Detailed Description

In order to make the technical solutions of the present invention better understood, the technical solutions in the embodiments of the present invention will be clearly and completely described below with reference to the drawings in the embodiments of the present invention, and it is obvious that the described embodiments are only a part of the embodiments of the present invention, and not all of the embodiments. All other embodiments, which can be derived by a person skilled in the art from the embodiments given herein without making any creative effort, shall fall within the protection scope of the present invention.

It should be noted that the terms "first," "second," and the like in the description and claims of the present invention and in the drawings described above are used for distinguishing between similar elements and not necessarily for describing a particular sequential or chronological order. It is to be understood that the data so used is interchangeable under appropriate circumstances such that the embodiments of the invention described herein are capable of operation in sequences other than those illustrated or described herein. Furthermore, the terms "comprises," "comprising," and "having," and any variations thereof, are intended to cover a non-exclusive inclusion, such that a process, method, system, article, or apparatus that comprises a list of steps or elements is not necessarily limited to those steps or elements expressly listed, but may include other steps or elements not expressly listed or inherent to such process, method, article, or apparatus.

Example 1

In accordance with an embodiment of the present invention, there is provided a method embodiment of a method for segmenting retinal blood vessels in a fundus image, it should be noted that the steps illustrated in the flowchart of the figure may be performed in a computer system such as a set of computer executable instructions and that, although a logical order is illustrated in the flowchart, in some cases, the steps illustrated or described may be performed in an order different than here.

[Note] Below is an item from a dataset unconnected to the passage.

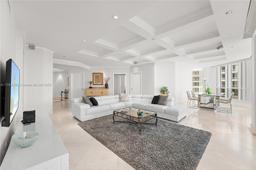 Picture of 21150 Point Pl # 1102, Aventura, FL 33180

Fig. 1 is a method for segmenting retinal blood vessels in a fundus image according to an embodiment of the present invention, as shown in fig. 1, the method comprising the steps of:

in step S102, a fundus image is acquired.

Specifically, the fundus image may be acquired by taking a photograph.

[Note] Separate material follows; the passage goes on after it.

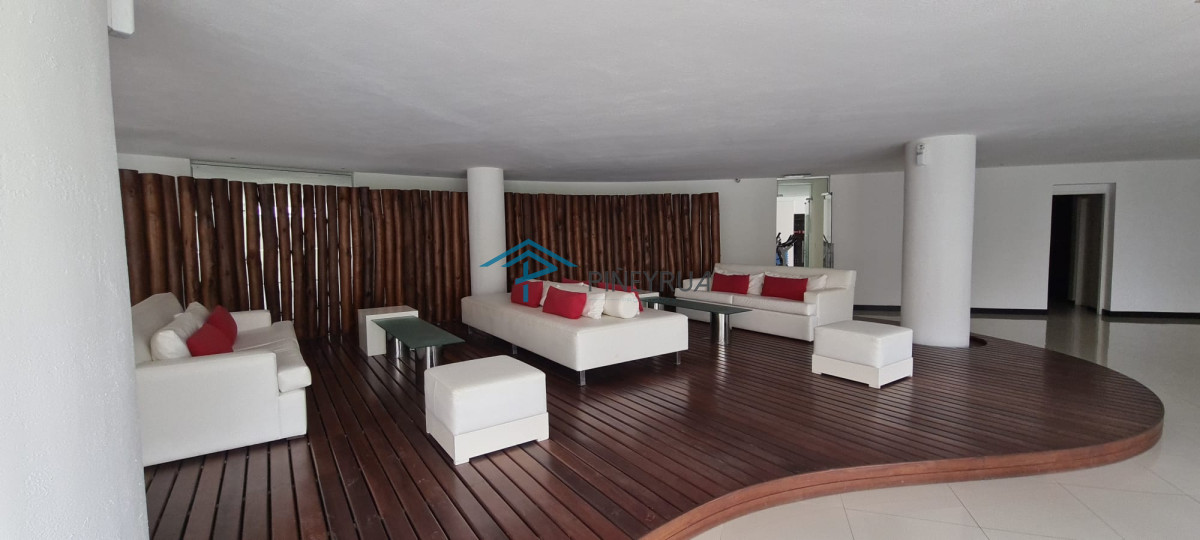 APARTAMENTO EN OPORTUNIDAD!!!  A METROS DEL MAR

Step S104, the fundus image is processed based on the Hatheri matrix, and a first retinal vessel map is obtained.

In particular, the Hessian matrix, which is a Hessian matrix, is a function of a real-valued multivariate function f (x)₁,x₂,...,x_n) If the function f (x)₁,x₂,...,x_n) If the second partial derivatives of (a) are present, the Hessian matrix is defined as:

wherein D is_iRepresenting the differential operator on the ith variable,

i.e. f (x)₁,x₂,...,x_n) The Hessian matrix of (a) is:

the Hessian matrix is actually the second derivative in the case of multivariate and describes the change in gray scale gradient in each direction. In the n eigenvalues of the Hessian matrix, the eigenvector corresponding to the eigenvalue with the largest amplitude represents the direction of the largest curvature of the P point, and the eigenvector corresponding to the eigenvalue with the smallest amplitude represents the direction of the smallest curvature.

By processing the fundus image using the hese matrix, a first retinal blood vessel map showing the presence of blood vessels can be obtained.

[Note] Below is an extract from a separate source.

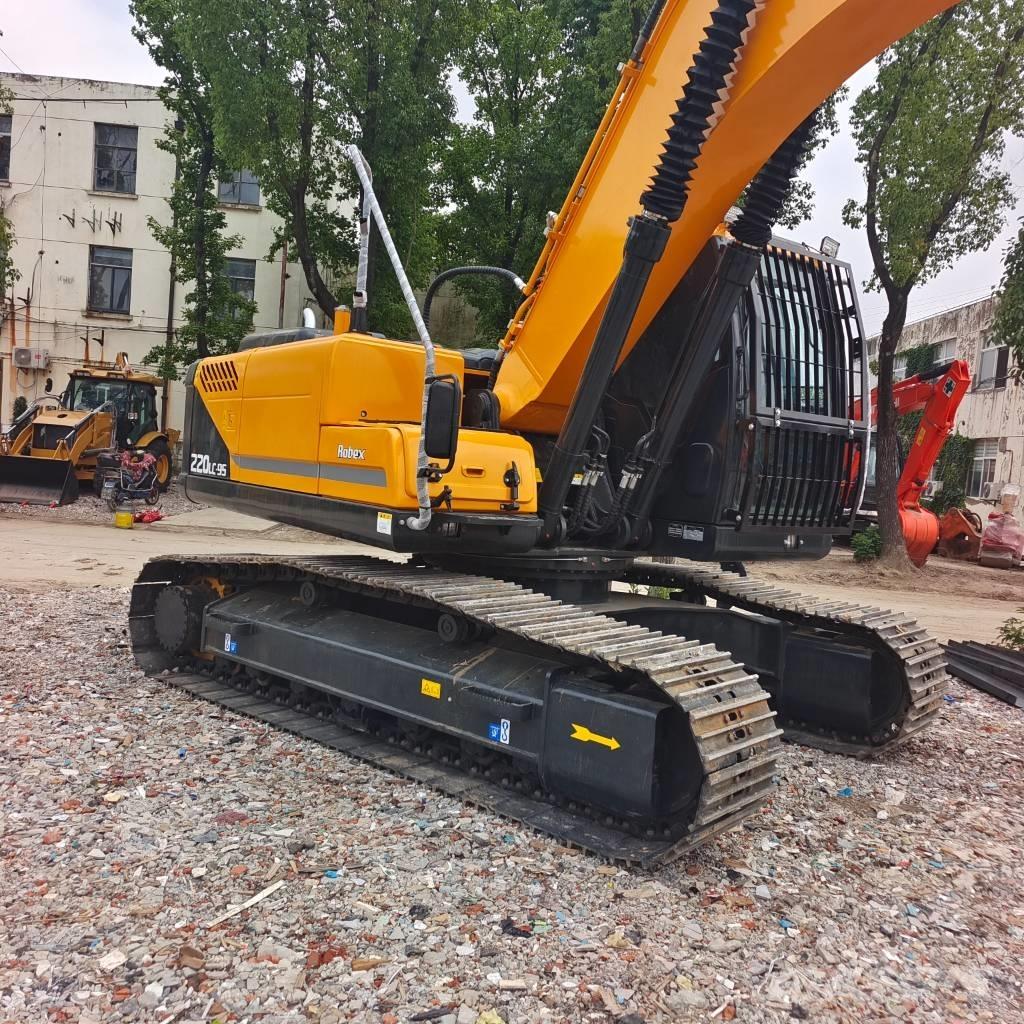 Hyundai 220LC-9T Paletli ekskavatörler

And step S106, performing binarization processing on the first retinal vessel map to obtain a second retinal vessel map.

Specifically, the first retinal blood vessel map in color can be converted into a second retinal blood vessel map in black and white by performing binarization processing on the first retinal blood vessel map.

And step S108, reconstructing interrupted blood vessels in the second retinal blood vessel map to obtain a third retinal blood vessel map.

In particular, the morphology of the retinal blood vessels contains valuable information, but there may be a case where the blood vessels are discontinuous in the second retinal blood vessel map obtained as described above, and if a continuous blood vessel is divided into many segments, the morphological measurement of the blood vessels is inaccurate, so that it is necessary to find the interrupted blood vessels and reconnect the interrupted portions.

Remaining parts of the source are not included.